There’s nothing China can’t make in abundance and often in excess — even shopping malls.
Across the United States, one in six shopping malls has closed since the sector peaked in 2013. But China has been on a frenetic construction boom, with its number of malls doubling since 2013 to 6,700.
Many retailers in China are now feeling the consequences of that overbuilding. While some Chinese malls are thriving, others are withering from lack of customer traffic.
Apple this month closed its store in the InTime City mall in Dalian, a port city in northeastern China. It was a first for Apple in the country, where the tech giant operates dozens of retail locations. Apple’s second store in Dalian, at the Olympia 66 mall just 1.6 miles away, has remained open and even taken on employees from the defunct store.

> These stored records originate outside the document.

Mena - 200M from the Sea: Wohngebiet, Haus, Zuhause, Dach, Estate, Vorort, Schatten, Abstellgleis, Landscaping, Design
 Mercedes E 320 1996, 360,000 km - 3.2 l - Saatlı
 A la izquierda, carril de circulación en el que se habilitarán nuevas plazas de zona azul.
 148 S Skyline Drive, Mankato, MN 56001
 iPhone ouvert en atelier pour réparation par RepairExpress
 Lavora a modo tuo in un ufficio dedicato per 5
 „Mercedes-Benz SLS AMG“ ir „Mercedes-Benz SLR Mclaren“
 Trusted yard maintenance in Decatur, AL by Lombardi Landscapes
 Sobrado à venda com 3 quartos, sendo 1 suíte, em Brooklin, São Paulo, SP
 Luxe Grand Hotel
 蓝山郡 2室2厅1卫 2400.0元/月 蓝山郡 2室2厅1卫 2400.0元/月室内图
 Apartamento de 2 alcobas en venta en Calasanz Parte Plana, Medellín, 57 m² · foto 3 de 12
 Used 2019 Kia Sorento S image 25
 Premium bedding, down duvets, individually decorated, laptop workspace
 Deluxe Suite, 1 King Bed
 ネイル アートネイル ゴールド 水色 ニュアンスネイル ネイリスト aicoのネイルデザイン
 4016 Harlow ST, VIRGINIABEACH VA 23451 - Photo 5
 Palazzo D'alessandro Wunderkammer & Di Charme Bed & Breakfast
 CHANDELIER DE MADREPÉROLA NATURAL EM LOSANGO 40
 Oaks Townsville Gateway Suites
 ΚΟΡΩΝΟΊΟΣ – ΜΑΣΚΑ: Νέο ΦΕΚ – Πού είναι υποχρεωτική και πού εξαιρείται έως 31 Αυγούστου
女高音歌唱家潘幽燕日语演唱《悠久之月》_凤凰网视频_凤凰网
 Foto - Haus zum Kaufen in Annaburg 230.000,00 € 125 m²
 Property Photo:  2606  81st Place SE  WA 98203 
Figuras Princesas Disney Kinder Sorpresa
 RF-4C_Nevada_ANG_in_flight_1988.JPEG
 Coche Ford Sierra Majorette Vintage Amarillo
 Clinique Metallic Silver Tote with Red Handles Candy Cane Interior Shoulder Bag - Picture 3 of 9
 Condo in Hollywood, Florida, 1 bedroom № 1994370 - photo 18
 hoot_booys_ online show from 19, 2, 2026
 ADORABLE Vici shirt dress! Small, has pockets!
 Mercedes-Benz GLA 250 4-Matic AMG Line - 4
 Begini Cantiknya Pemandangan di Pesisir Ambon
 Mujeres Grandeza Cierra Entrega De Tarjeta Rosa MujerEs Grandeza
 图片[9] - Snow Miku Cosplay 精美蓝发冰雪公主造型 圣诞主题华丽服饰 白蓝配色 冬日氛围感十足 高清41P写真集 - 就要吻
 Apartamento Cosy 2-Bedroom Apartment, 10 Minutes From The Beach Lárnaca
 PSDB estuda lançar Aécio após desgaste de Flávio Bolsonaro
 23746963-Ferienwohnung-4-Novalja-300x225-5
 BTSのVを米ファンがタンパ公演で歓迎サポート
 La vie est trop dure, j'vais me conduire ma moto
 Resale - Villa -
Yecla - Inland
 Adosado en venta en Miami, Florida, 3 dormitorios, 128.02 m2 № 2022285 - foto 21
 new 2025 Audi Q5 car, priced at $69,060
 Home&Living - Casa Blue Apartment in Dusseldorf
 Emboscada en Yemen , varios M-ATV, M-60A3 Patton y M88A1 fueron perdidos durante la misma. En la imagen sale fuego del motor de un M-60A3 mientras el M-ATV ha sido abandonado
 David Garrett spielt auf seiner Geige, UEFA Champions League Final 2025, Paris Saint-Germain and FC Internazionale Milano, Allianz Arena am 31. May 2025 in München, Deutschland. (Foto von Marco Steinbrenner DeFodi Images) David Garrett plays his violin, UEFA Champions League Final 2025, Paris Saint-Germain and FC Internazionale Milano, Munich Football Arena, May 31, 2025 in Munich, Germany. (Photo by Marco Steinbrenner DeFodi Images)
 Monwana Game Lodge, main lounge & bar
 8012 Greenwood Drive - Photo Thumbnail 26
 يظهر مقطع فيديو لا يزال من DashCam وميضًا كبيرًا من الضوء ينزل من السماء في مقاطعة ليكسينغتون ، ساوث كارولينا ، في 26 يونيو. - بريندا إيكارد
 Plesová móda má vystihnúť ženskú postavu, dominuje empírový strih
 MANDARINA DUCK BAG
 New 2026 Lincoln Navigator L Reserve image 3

All over the world, shopping malls are wilting under fierce competition from e-commerce. The competition is especially fierce in China, where home delivery is particularly cheap and convenient. An estimated 10 million people work in delivery, many on electric scooters, but some are starting to use self-driving trucks and even drones.
The real problem in China’s shopping mall sector, as it is in much of China’s real estate sector, is years of frenetic, debt-fueled construction. Developers have continued a building blitz despite a sharp slowdown in retail sales that started during the Covid-19 pandemic and has continued since.
One reason for the continued construction of malls is China’s tax system. Local governments, which have enormous influence over what gets built in their jurisdictions, derive considerable sales taxes from malls. Apartment buildings, on the other hand, pay almost no annual real estate taxes. So local officials often require that new malls be included in big real estate projects, and the construction isn’t stopping.